▶ _DIRECTIONS FOR THIS TASK_: Only the lines from the one containing "Bandai Namco 36759" through the end of the data are wanted, reproduced exactly and without pictures.

▶ _DATA FOR THIS TASK_:
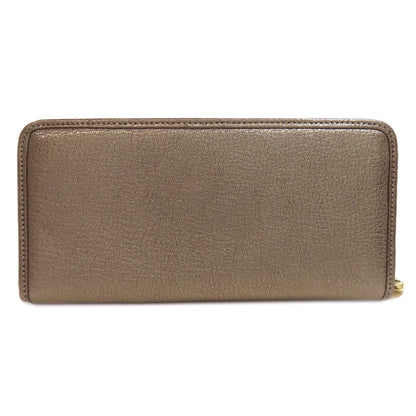 LOEWE ロエベ ラウンドファスナー 長財布（小銭入れあり） レザー レディース 中古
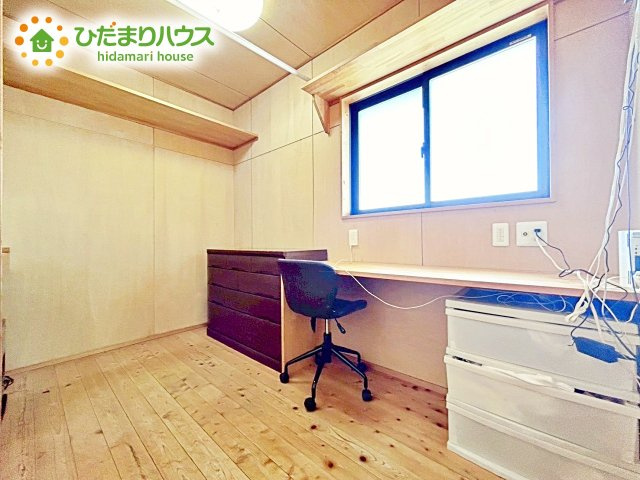 【その他】 | 水戸市東前町　中古戸建 | 仕事や趣味にも集中できる最適な環境の書斎完備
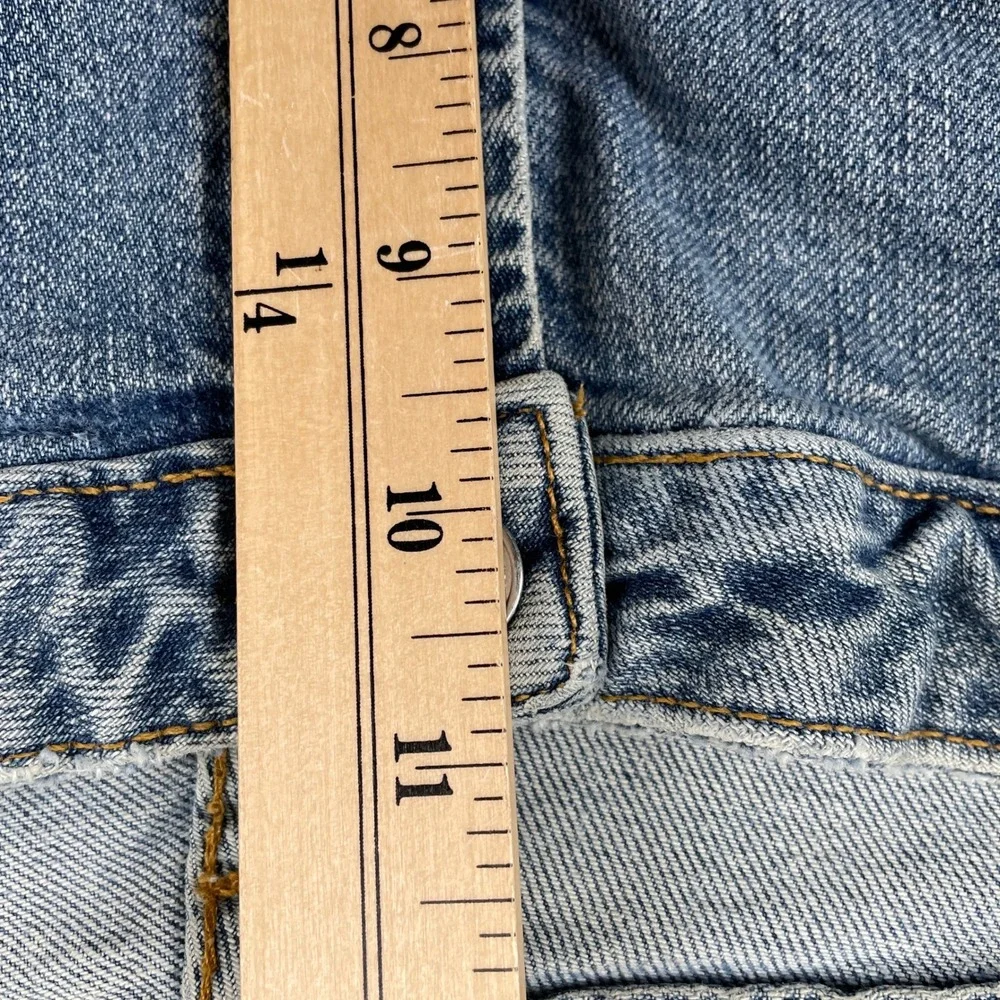 Gap Jeans Women 14 Blue Boot Cut Stretch Regular Mid Rise Denim 121846-00-1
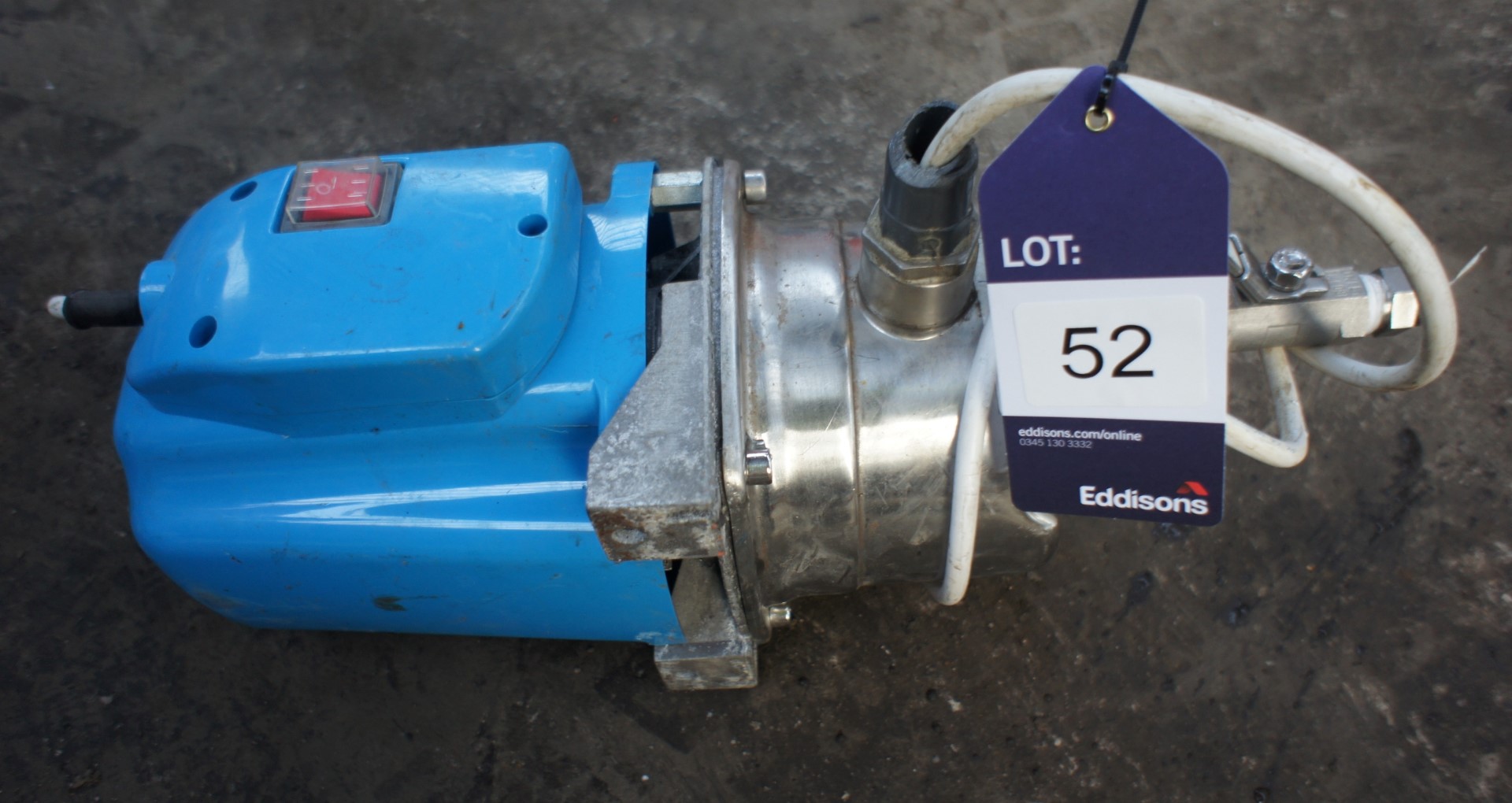 * Clarke SPE1200SS Pump, 61 Ltr/Min, 240v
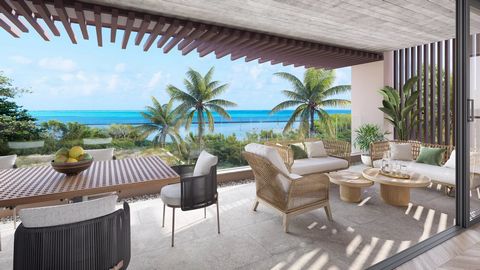 Sognate comfort, eleganza e serenità, con la natura come sfondo. Questi appartamenti offrono una vista panoramica sul mare, grazie alla loro posizione privilegiata al 1° piano. Con tre spaziose camere da letto e un'ampia terrazza esposta a nord, ques...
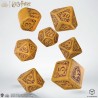 SET DE DÉS MODERNES HARRY POTTER - GRYFFONDOR OR SET DE DÉS MODERNES HARRY POTTER - GRYFFONDOR OR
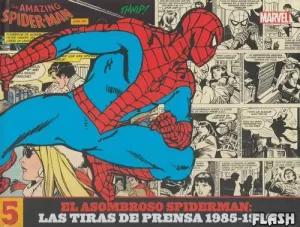 ASOMBROSO SPIDERMAN : LAS TIRAS DE PRENSA 05 : 1985 - 1986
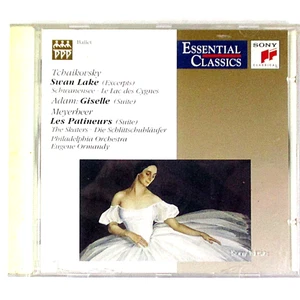 Tchaikovsky, Adam, Meyerbeer: Swan Lake etc (CD Album, 1990 Sony) - Imagen 1 de 3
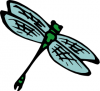 +bug+insect+pest+dragonfly+graphic+ clipart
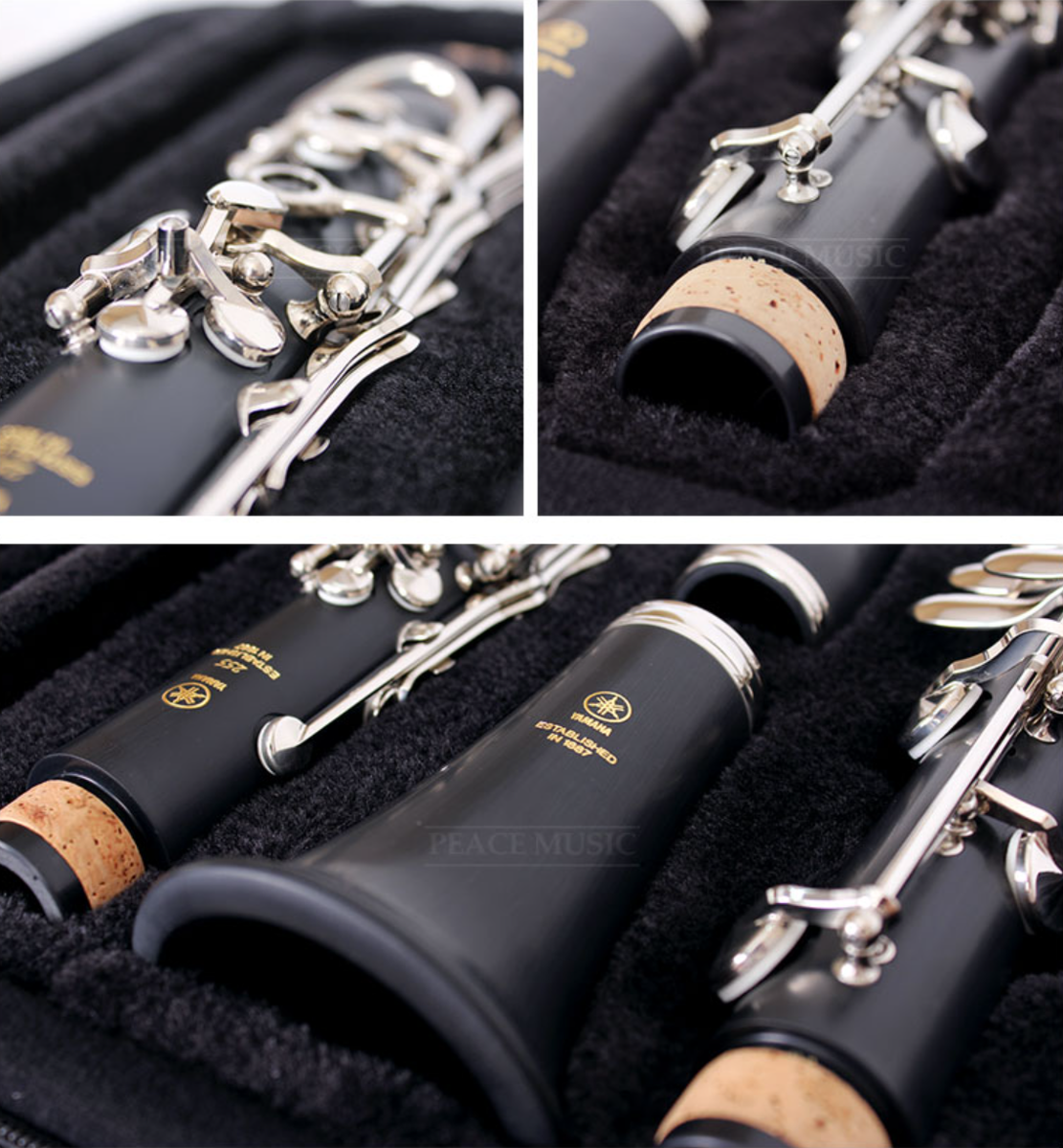 Yamaha YCL-255 Bb Clarinet for sale online | eBay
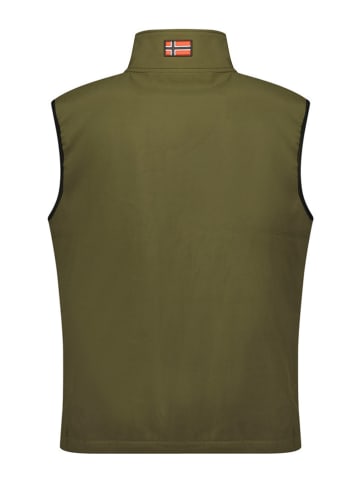 Geographical Norway Softshellweste "Vakito" in Khaki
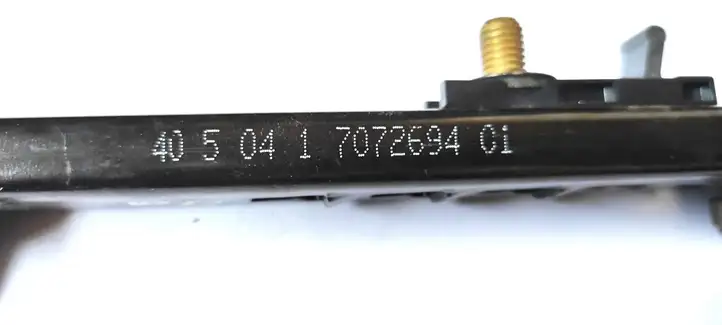 Land Rover Range Rover L322 (2002 - 2005) 7072694 Регулятор ремня безопасности — фото 3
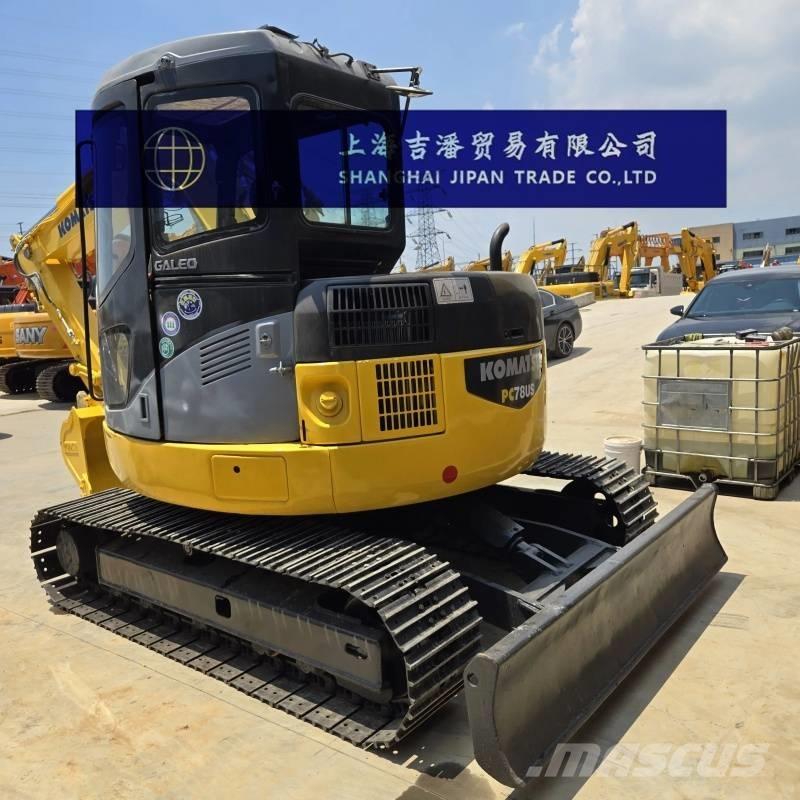 Komatsu PC 78 US Rupsgraafmachines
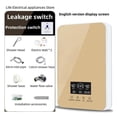 thumbnail image 2 of Electric Water Heater Instantaneous Rapid Heating Household Bathroom Shower Small Bath Machine Kitchen Water Heater ,Security Protection Design, 2 of 8
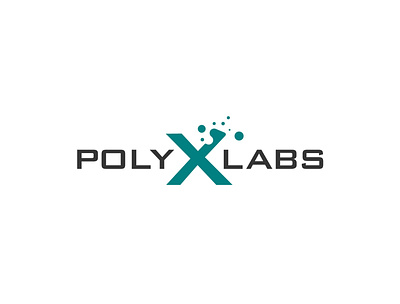 Poly X Labs Logo Design graphic design logo design modern professional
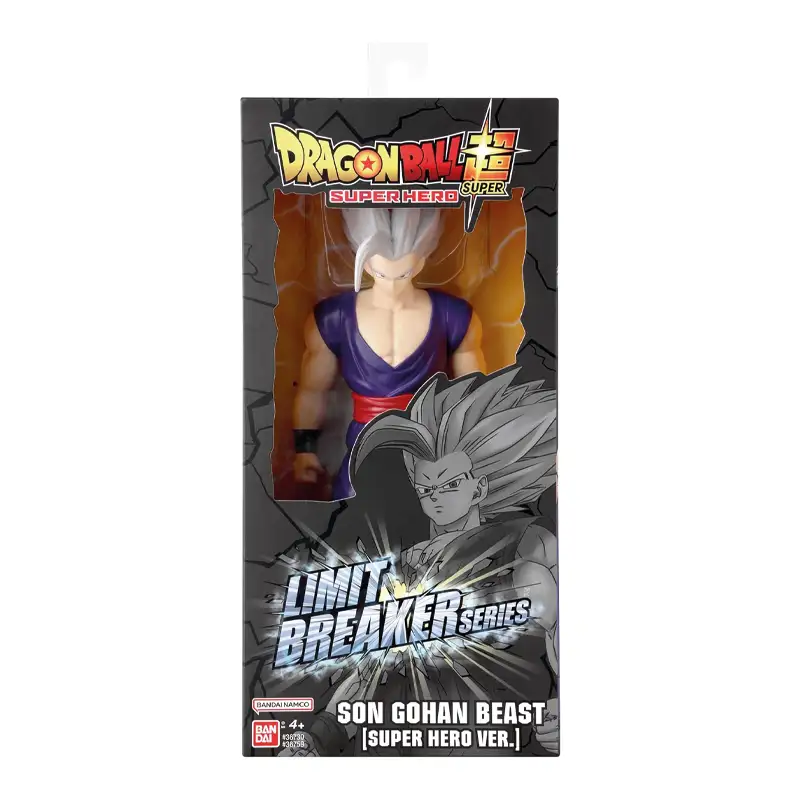 Bandai Namco 36759 Figura De Accion Dragon Ball Super Limit Breaker Gohan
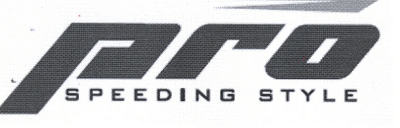 Pro Speeding Style Device mark 1872822 Trademark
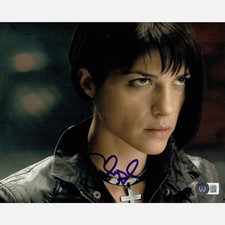 SELMA BLAIR autografo BECKETT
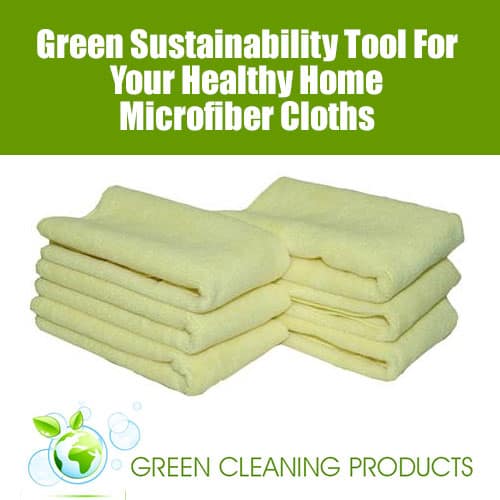 Microfiber Cloths for Sale - Green Sustainability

▶ _ANSWER SECTION_:
 Bandai Namco 36759 Figura De Accion Dragon Ball Super Limit Breaker Gohan
 Pro Speeding Style Device mark 1872822 Trademark
 SELMA BLAIR autografo BECKETT
 Microfiber Cloths for Sale - Green Sustainability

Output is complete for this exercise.